I don't have to serve this building often for snow removal but when I do, I always take the Deere over the Honda because of how frustrating it is to drive, and how painful it is on my back as well. otherwise it's a great machine.


----------



## [email protected]

Ryan said:


> This thing was NOT designed for anyone over 5'10". (I am 6'2")


Honda recognized this issue and the most current version of this model (HS1332) has 2" taller handlebars. The choke/throttle also changed, so taller bars wont' fit older models. 

The good news? Some aftermarket extensions are available, although not endorsed by Honda, I understand they work nicely and don't require longer cables or any other modifications.


----------



## pfn

I agree 100% on tracks. I have a 32"Ariens Pro with tracks and my purchase of it was a terrible mistake.
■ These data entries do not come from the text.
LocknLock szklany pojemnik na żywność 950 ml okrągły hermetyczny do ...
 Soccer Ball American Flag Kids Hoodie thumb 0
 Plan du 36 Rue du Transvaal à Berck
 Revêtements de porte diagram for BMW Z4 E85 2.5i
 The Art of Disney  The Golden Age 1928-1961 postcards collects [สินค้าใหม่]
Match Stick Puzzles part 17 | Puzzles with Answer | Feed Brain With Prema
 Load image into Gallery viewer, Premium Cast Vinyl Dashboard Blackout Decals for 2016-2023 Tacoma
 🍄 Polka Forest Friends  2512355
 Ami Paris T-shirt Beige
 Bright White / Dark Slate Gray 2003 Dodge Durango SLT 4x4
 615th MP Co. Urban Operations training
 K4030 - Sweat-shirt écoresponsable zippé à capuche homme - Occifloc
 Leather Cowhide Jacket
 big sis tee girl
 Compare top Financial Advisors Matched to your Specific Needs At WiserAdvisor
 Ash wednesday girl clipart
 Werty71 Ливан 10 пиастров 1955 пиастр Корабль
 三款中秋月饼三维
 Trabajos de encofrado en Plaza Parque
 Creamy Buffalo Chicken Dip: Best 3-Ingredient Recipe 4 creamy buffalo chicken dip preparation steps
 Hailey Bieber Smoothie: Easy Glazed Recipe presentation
It is very difficult to impossible to maneuver. I should have bought wheels and chains. It would have been cheaper and it would have done the same job. Tracks are trash! imho


----------



## Ryan

Very pleased to hear that Honda improved on the short handles.


----------



## M1A2 Hahn

pfn said:


> I agree 100% on tracks. I have a 32"Ariens Pro with tracks and my purchase of it was a terrible mistake. It is very difficult to impossible to maneuver. I should have bought wheels and chains. It would have been cheaper and it would have done the same job. Tracks are trash! imho


The tracks on vehicles are useful for uneven terrain and climbing steep grades, especially when the ground is mud- or snow-covered, which is why tanks use tracks.


----------



## pfn

M1A2 Hahn said:


> The tracks on vehicles are useful for uneven terrain and climbing steep grades, especially when the ground is mud- or snow-covered, which is why tanks use tracks.


 I've seen where tanks go, snow blowers generally don't go there. I'm certain I won't be blowing snow in any place like that. My drive is long, 600 ft. or so and fairly steep. Wheels and chains work fine and I can turn the machine. For a snow blower tracks are overkill. Again, imo.


----------



## M1A2 Hahn

pfn said:


> I've seen where tanks go, snow blowers generally don't go there. I'm certain I won't be blowing snow in any place like that. My drive is long, 600 ft. or so and fairly steep. Wheels and chains work fine and I can turn the machine. For a snow blower tracks are overkill. Again, imo.


Maybe you bought your tracked snowblower before you tested it and understood its limitations and capabilities. If the less expensive wheels/chains work as well on your "fairly steep" driveway and you bought the "overkill" machine by mistake, is that really that machine's fault?


----------



## pfn

M1A2 Hahn said:


> Maybe you bought your tracked snowblower before you tested it and understood its limitations and capabilities. If the less expensive wheels/chains work as well on your "fairly steep" driveway and you bought the "overkill" machine by mistake, is that really that machine's fault?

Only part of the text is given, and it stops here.